Lastly, the strategy of focusing on self-help and building a help desk that can resolve 85% of all incidents and service requests is difficult to build. Concerted, focused, and disciplined effort by everyone is required. Sprint review inspections with stakeholders and team retrospectives are critical.

Outcomes

This infrastructure department experienced many successes. Their Help Desk and Tier 2 organization’s capability increased, and the capability of the development team members increased, as well. Those with a particular skill taught those without. The scrum teams were natural incubators for learning and using new skills.

Single points of failure, while not completely removed, decreased. Even better, several scrum team members were given opportunities for new career paths leveraging their newly learned skills. T-shaped individuals and T-shaped teams (strong skills in one discipline, but exposure and capability in many disciplines) were created providing even more business agility.

Teams were empowered to improve their product delivery. They released changes early and often. The teams chose a sprint cadence and schedule that fit their needs rather than the CAB’s. Servant leadership expanded with leaders looking for ways to help, rather than to criticize and control. Evening and weekend work decreased. The architecture became more resilient, even emergent, allowing changes to be made during business hours. Overall, incidents and outages decreased.

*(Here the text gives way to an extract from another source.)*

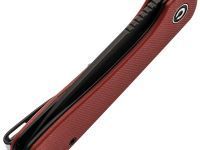 Складной нож CIVIVI Elementum, сталь D2, Red G10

Lastly, work in process reduced significantly enabling faster completion of top priority work. Team members were able to focus on priorities and had less thrashing. The organization went from 36 active projects to 3. The executive updates with the CIO shifted from spending most of the time on “in progress” work to what was actually completed. With short sprints and frequent releases, urgent mergers and acquisitions simply moved to the top of the backlog.

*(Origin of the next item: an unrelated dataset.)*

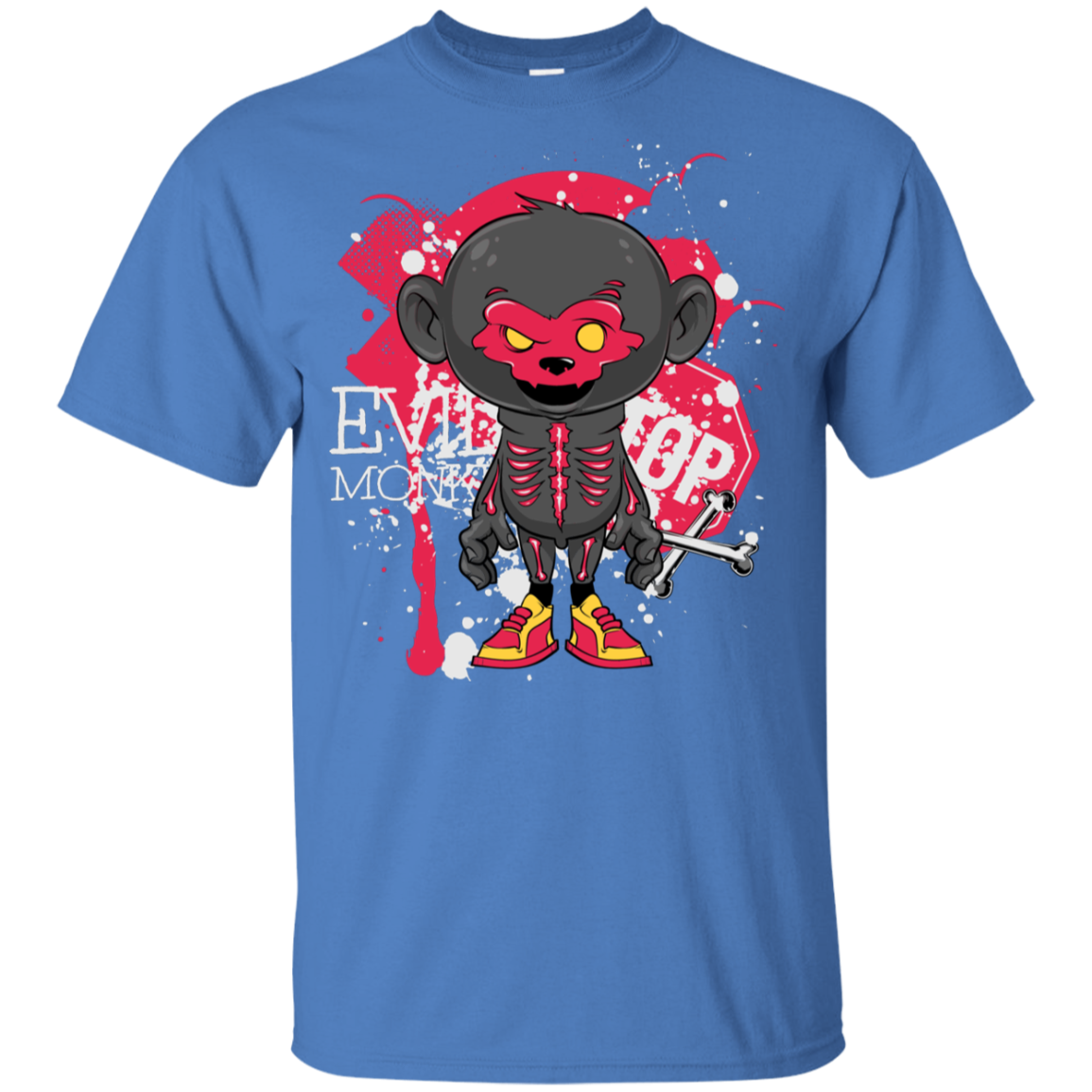 "EVIL MONKEY" Youth Ultra Cotton T-Shirt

An agile infrastructure is advantageous

Creating more business agility is not just for software. Infrastructure can also benefit. The keys for creating more agility in infrastructure are the same as with software. Use the Roadmap to Value, hold fast to your robust definition of done and continually inspect and adapt. Build enduring, small, motivated, self-organizing, cross-functional, and co-located (co-proximity) scrum teams. Give them the environment and support they need, then trust them to get the job done (agile principle 5).